Why ML CI/CD Is Different
Software CI gates check: does the code compile, do the tests pass, does the linter approve?
ML CI gates need to check additional things:
- Does the training pipeline complete without errors?
- Does the resulting model meet quality thresholds (accuracy, latency, fairness metrics)?
- Has the model been signed and its provenance recorded?
- Does the serving container pass security scanning?
The last two points are where SRE habits pay dividends — ML teams that came from research backgrounds rarely think about supply chain security.
The Pipeline
# .github/workflows/model-release.yml
name: Model Release
on:
push:
paths: ['src/model/**', 'configs/**']
jobs:
train-and-evaluate:
runs-on: self-hosted
steps:
- name: Run training pipeline
run: argo submit workflows/train.yaml --wait
- name: Check quality gates
run: |
ACCURACY=$(python scripts/get_metric.py accuracy)
if (( $(echo "$ACCURACY < 0.90" | bc -l) )); then
echo "Accuracy $ACCURACY below threshold"
exit 1
fi
- name: Sign model artifact
run: cosign sign ${{ env.MODEL_IMAGE }}
- name: Promote to staging
run: mlflow models transition-to-stage --name classifier --stage Staging
Supply Chain Security
The cosign sign step is often skipped in ML pipelines.
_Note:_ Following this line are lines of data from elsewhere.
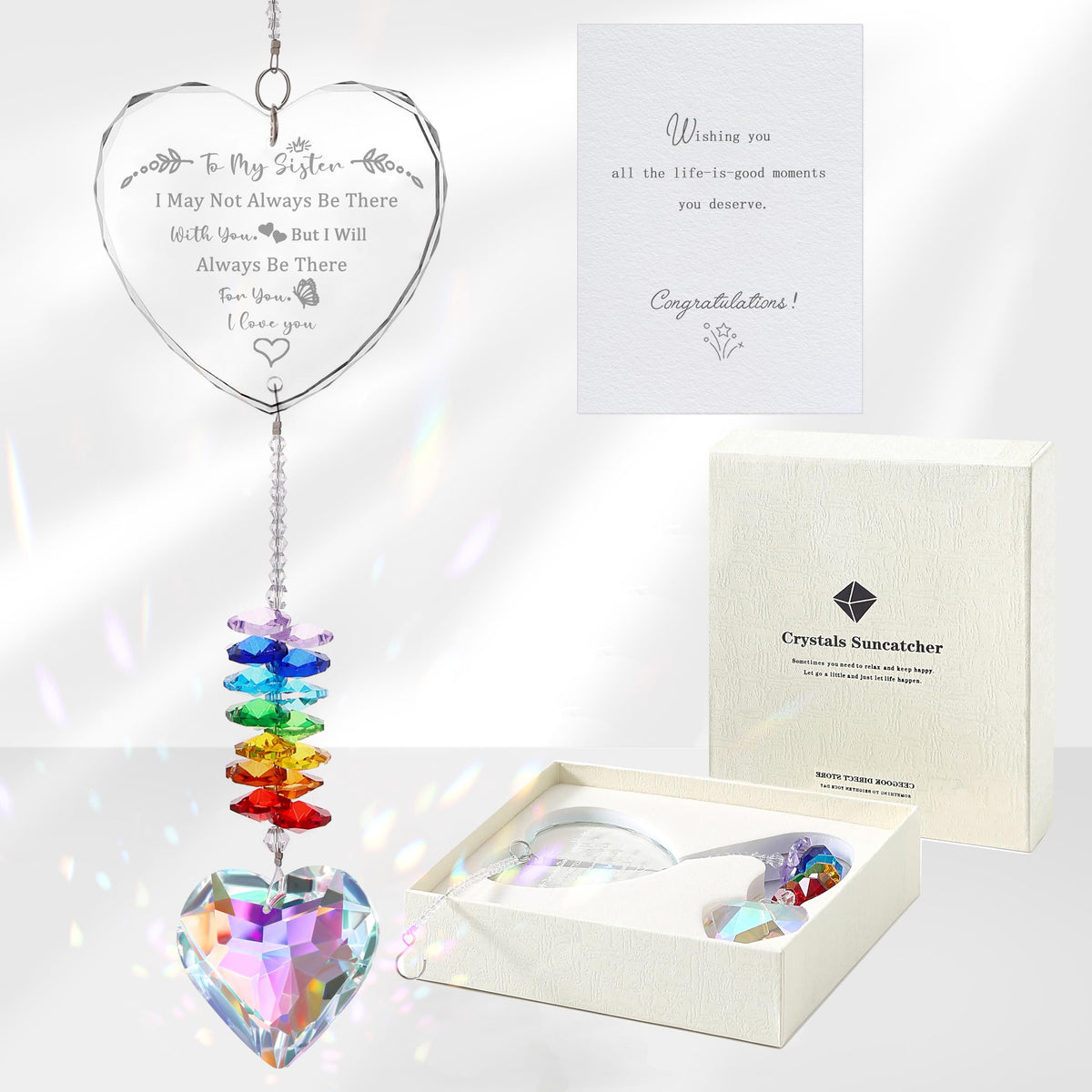 Ceegook sister crystal suncatcher with heart prisms creating colorful reflections.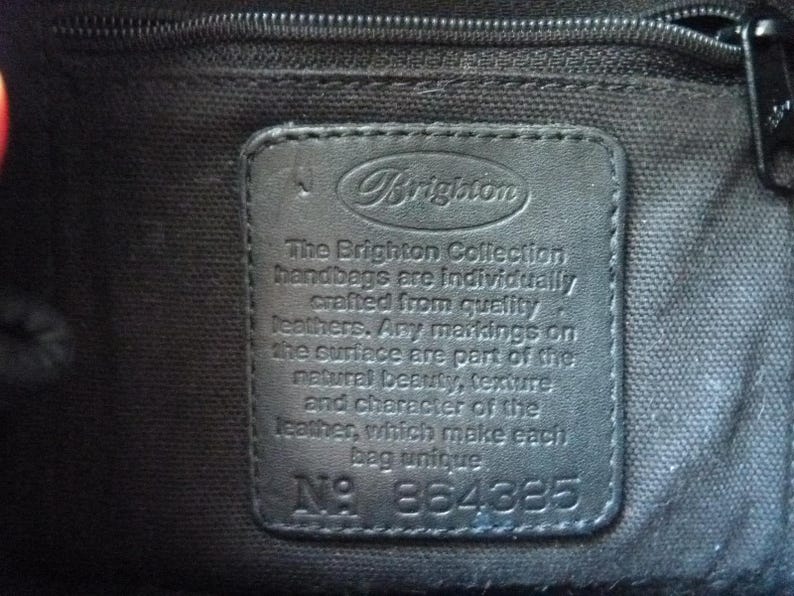 May include: A black leather tag with the text "Brigiton" and the words "The Brighton Collection handbags are individually crafted from quality leathers. Any markings on the surface are part of the natural beauty, texture and character of the leather, which make each bag unique" and the number "N&deg; 864885".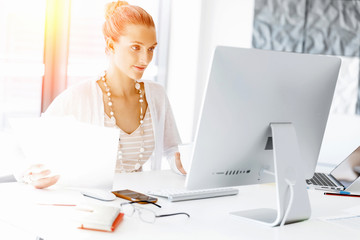 Attractive office worker sitting at desk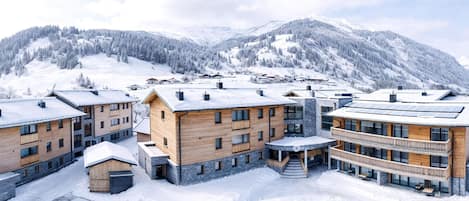 A modern hotel complex with multiple buildings, a parking area, and a mountainous backdrop.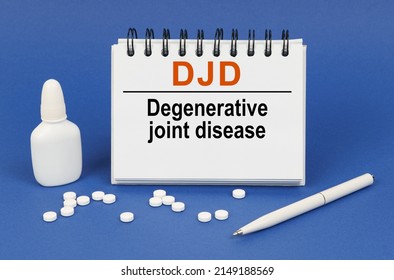 Medical Concept. On A Blue Background, A Pen, Tablets And A Notepad With The Inscription - DJD Degenerative Joint Disease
It shouldn’t be. A signed model artifact gives you:
- Proof that the model was produced by a specific pipeline run
- Tamper evidence — if the artifact is modified after signing, verification fails
- An audit trail when something goes wrong in production
The ML supply chain (training data → code → artifact → deployment) has the same attack surface as software supply chains, and deserves the same treatment.
Self-Hosted Runners
For pipelines that submit to Argo Workflows in a homelab cluster, you need a self-hosted GitHub Actions runner with kubectl access. I run the runner as a Kubernetes Deployment with a service account that has limited permissions — just enough to submit workflows and read pod logs.